Records for this exercise >>
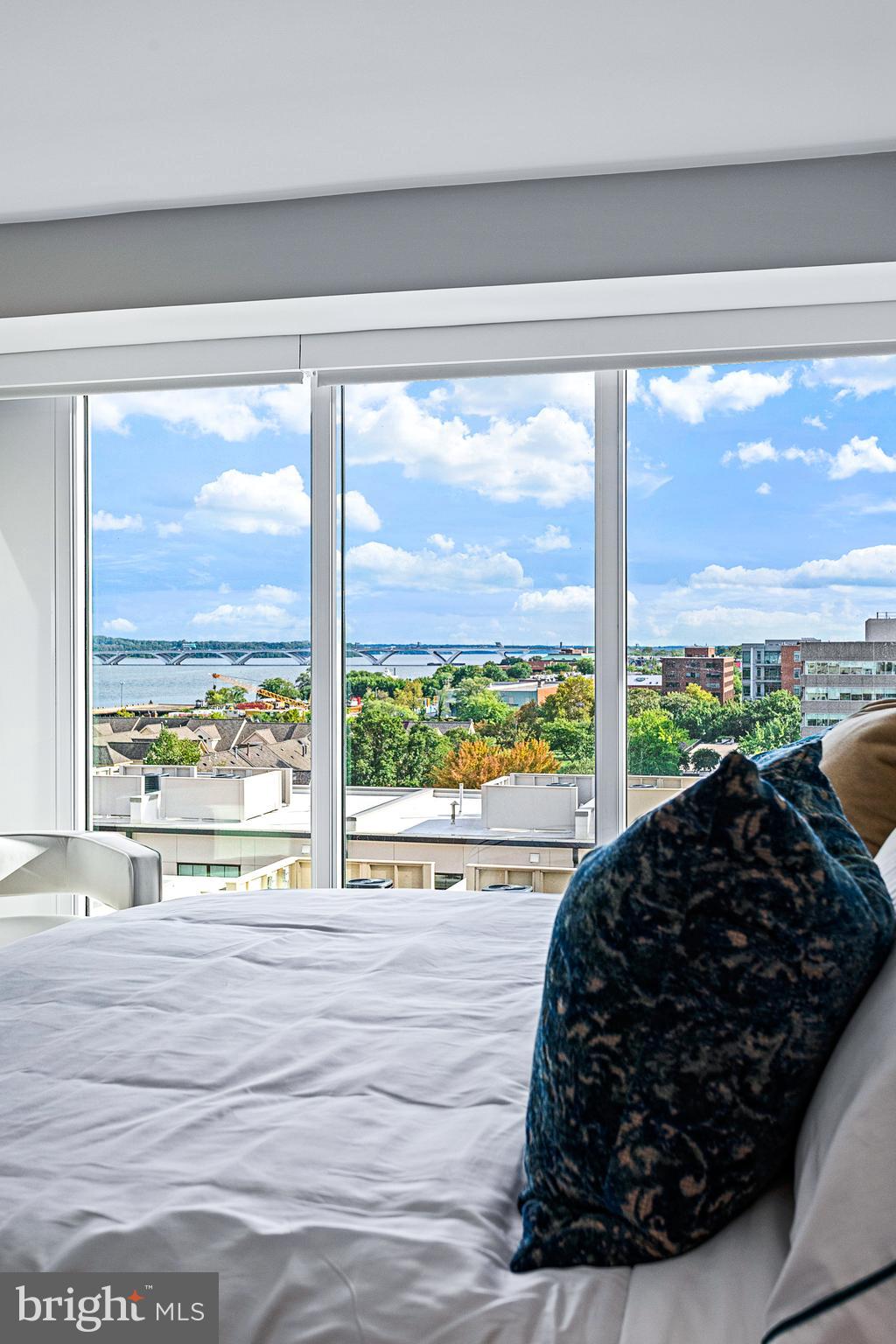 OLD TOWN ALEXANDRIA - Residential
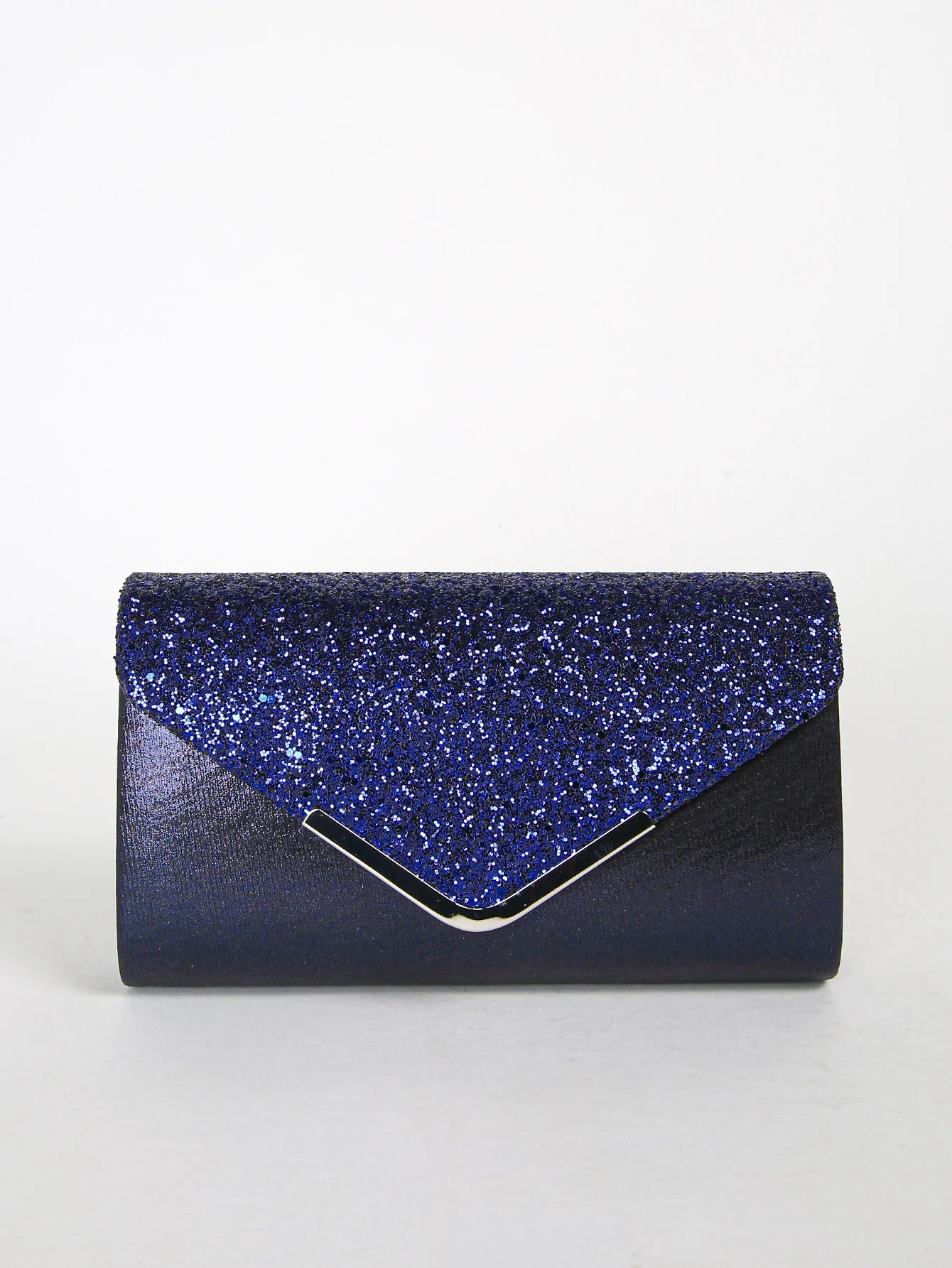 Women evening envelope handbag with sequins, chain shoulder strap, and clutch style, perfect for parties and special occasions.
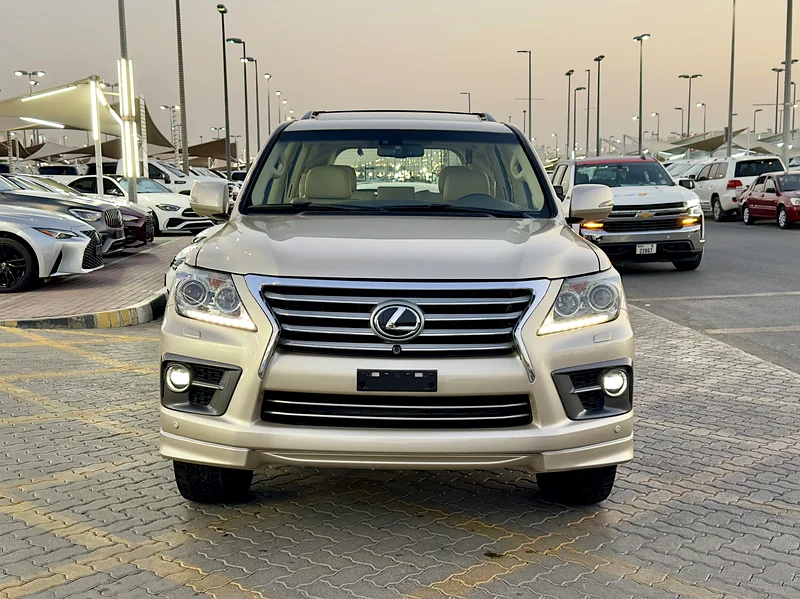 2015 LEXUS LX570 S63150023922817111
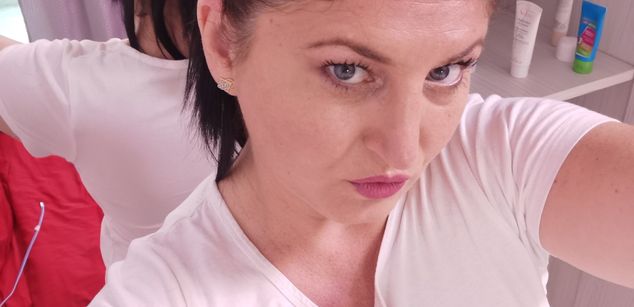 Model - Angela White bigboobs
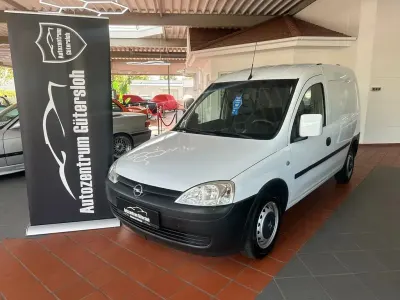 Gebraucht Opel Combo Business 75 PS (55 kW) 2010 Weiß Van / Kleinbus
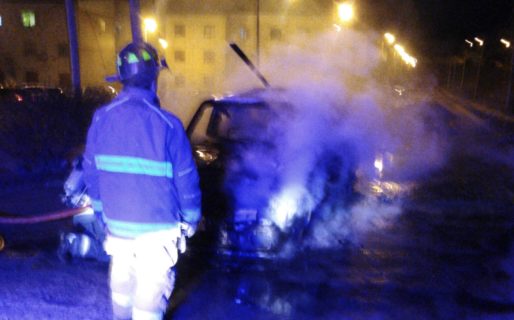 Bomberos apagaron dos incendios de vehículos en zona sur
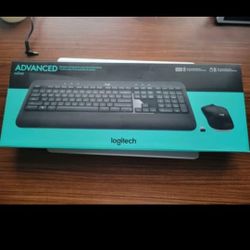 Advanced wireless Logitech keyboard & mouse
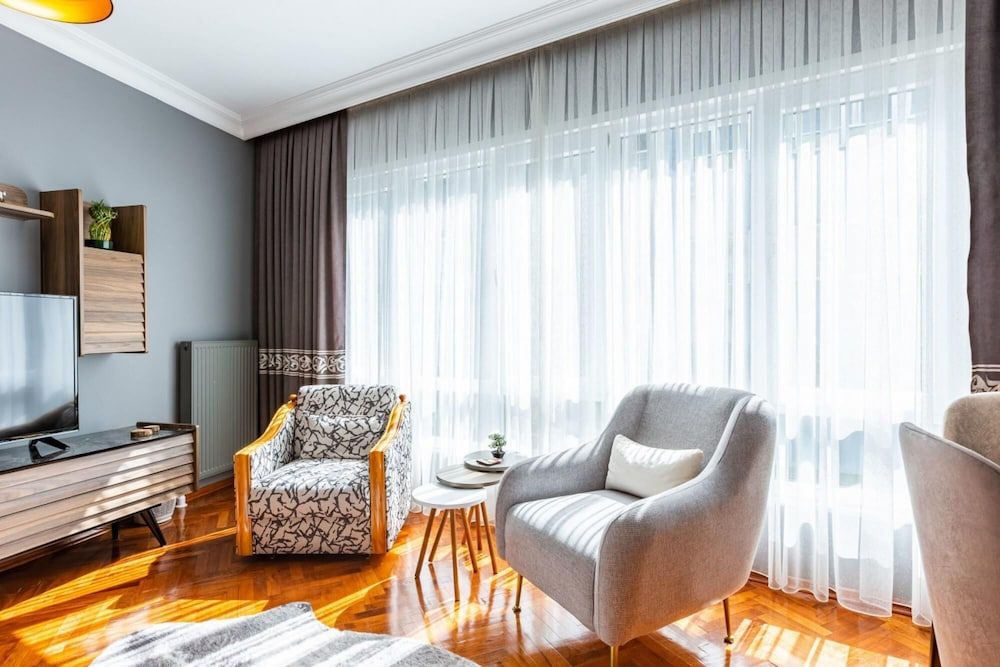 undefined Stylish Flat Near Popular Attractions in Moda 7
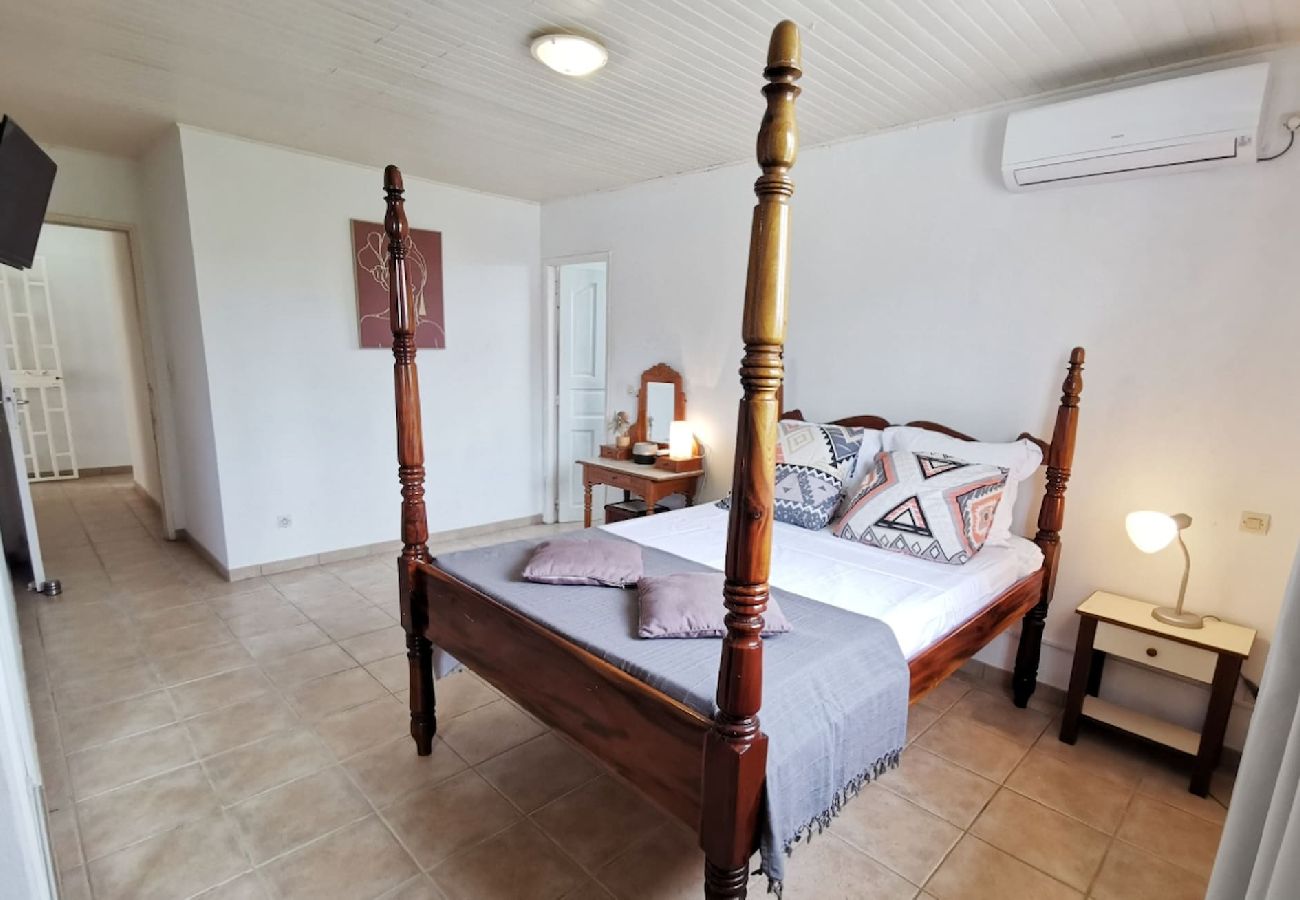 Villa in Sainte-Anne - Villa à Sainte Anne Ref M055 3ch piscine + 2appts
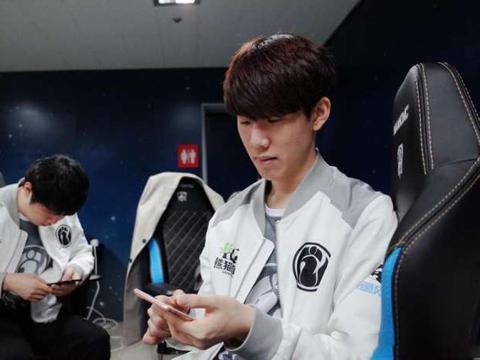 LPL今日赛程及海报比拼：EDG-破除暮气 FPX-打“豹”不平 V5-擒凰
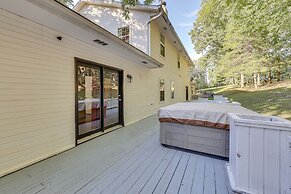 Peaceful Pineville Vacation Rental w/ Grill!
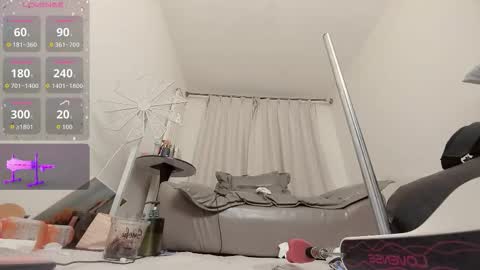 yiyi online show from 11-15-25, 12:02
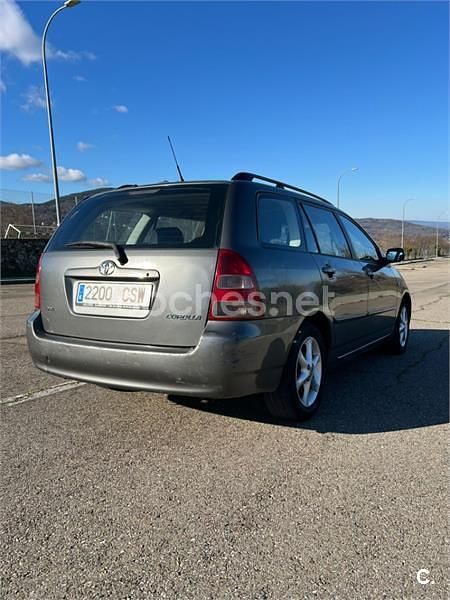 Usado Toyota Corolla Terra 90 CV (66 kW) 2004 Gris / plata Familiar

Task goal >> Copy the records above exactly, from the first line through the line containing "Model - Angela White bigboobs", and leave out the pictures.

Result of the exercise >>
 OLD TOWN ALEXANDRIA - Residential
 Women evening envelope handbag with sequins, chain shoulder strap, and clutch style, perfect for parties and special occasions.
 2015 LEXUS LX570 S63150023922817111
 Model - Angela White bigboobs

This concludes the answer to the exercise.